For 2003, the Ford Mustang stands alone as America's only remaining rear-wheel drive V8 powered pony car; its closest and oldest rival, the Camaro, was laid to rest last year. With the Camaro out of the picture, the Mustang reigns supreme in terms of horsepower and torque, now challenged only by a handful of V6 powered front-wheel drive competitors.
The Mustang line continues to offer both the base model and high-output GT in either hardtop coupe or convertible form. Though it rests on an aging platform, Mustang engineers continue to find ways to brace and stiffen the car's body and improve its suspension and handling characteristics. This year, the Mustang gets new shock absorbers and larger bushings and bump stops that help control jounce (the rebound movement that occurs after a car hits a bump in the road) and also limit the rear-axle's upward movement, thus improving ride quality. The ride handling changes are noticeable, especially on the GT model, but the Mustang's ride still remains fairly rough in comparison to many newer platforms.
The most affordable Mustang is the V6 model; it offers a 190-horsepower engine, a long list of standard features and a sticker price that starts at just over $18K. Ford offers three packages with the Mustang: standard, deluxe and premium. Each trim combines the most popular options customers usually order into a single, low priced package. Even fully loaded, a V6 powered Mustang coupe remains under $23,000, which by today's standards seems pretty impressive. The V6 is a nice engine for the Mustang, providing a good amount of low-end torque that enables it to move quickly off the line. The standard 5-speed manual feels crude, almost truck-like in its execution and the heavy clutch pedal movement doesn't feel much better. Ford does offer a 4-speed automatic transmission and we think this is a good choice for those who do not like to shift their own gears.
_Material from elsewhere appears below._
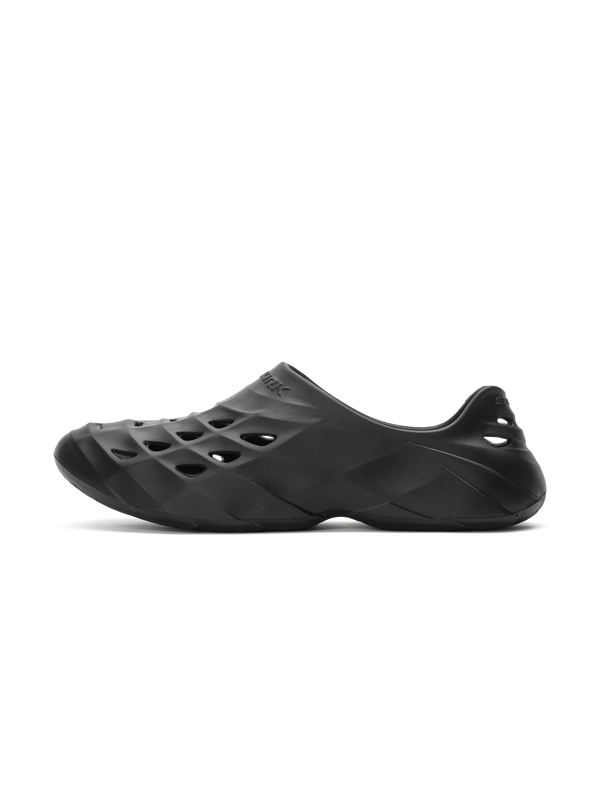 Selkirk Sport Renew Pickleball Recovery Shoe in Blackout, side view showing design features.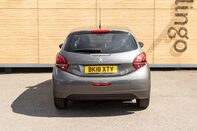 Peugeot 208 PURETECH ALLURE PREMIUM 6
The Mustang's automatic transmission provides smooth shifts that make the most of the engine's power and includes an overdrive gear to maximize highway fuel efficiency.
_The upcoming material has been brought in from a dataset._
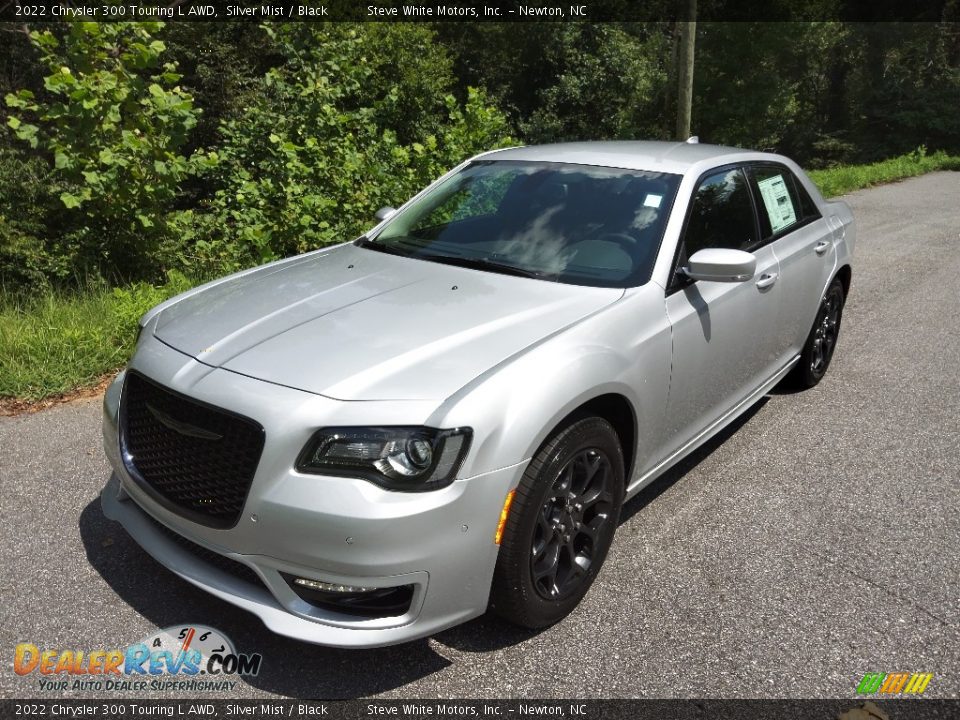 2022 Chrysler 300 Touring L AWD Silver Mist / Black Photo #2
The car that puts the power in the Mustang's kick is the GT. Saddled with a 4.6-liter V8 engine, the GT is able to deliver 260 horsepower to its 17-inch rear wheels, enough power to chirp the wheels in second gear as well as arouse the attention of every traffic cop within eyesight. The GT offers the same 5-speed manual as the V6 model, but its long throws and heavy mechanism seem less bothersome due to the V8's tremendously fun-to-drive attitude. The GT's standard limited-slip rear differential helps the rear-drive coupe maintain its poise on slippery road surfaces as well as during hard cornering; the GT also comes standard with traction control.
On the road, the Mustang handles pretty well. Its power steering allows the wheel to feel heavy without much float, but it does not return much in the way of road feel. Thankfully, the Mustang's combination of a short hood and short wheelbase allows you to maneuver the car around tight corners with little effort or trepidation. The Mustang comes standard with a nice set of four-wheel disc brakes that greatly improve the car's stopping power; ABS is optional on the V6 and standard on the GT.
This year, Ford has created a limited-production Mach 1 model that adds a real-live functioning "shaker" hood scoop, unique paint and wheels and a special interior leather designed to mimic the original Mach 1's interior. The GT's 4.6-liter engine has been re-worked with new cams and a modified air intake to accommodate the ram-air shaker hood scoop; the result is a Mustang that produces over 300-horsepower. The Mach 1 will also ride on a one-inch lower suspension and have special 17-inch Magnum 500 wheels and Mach 1 paint decals.
Interior space in the Mustang is tight, especially if you are over 6-feet in height. The primary cause for the car's limited legroom is the short seat tracks that do not allow seats to slide back far enough: the Mustang's large transmission tunnel also takes up much-needed space in the foot wells. Rear-seat passengers should be both short of stature and lean of frame if they are expect to sit comfortably for any duration that exceeds 15 minutes. The V6 seats are a bit soft and do not offer much in the way of lateral or lower thigh support. The GT's sport seats are somewhat better, with more side bolstering and lumbar support, but the best Mustang seats can be found in the new Mach 1; they feature large side bolsters, tall seat backs and 4-way adjustable headrest.
Standard equipment on the V6 Mustang includes air conditioning, rear defroster, power door locks, power windows, 16-inch alloy wheels, dual power mirrors, tilt-wheel, tachometer, keyless entry, AM/FM stereo with CD, cloth bucket seats and a power trunk release. The GT adds a V8 engine, 17-inch alloy wheels, performance tires, anti-lock brakes, 6-way power driver's seat, speed control, leather-wrapped steering wheel, traction control and a limited-slip rear differential.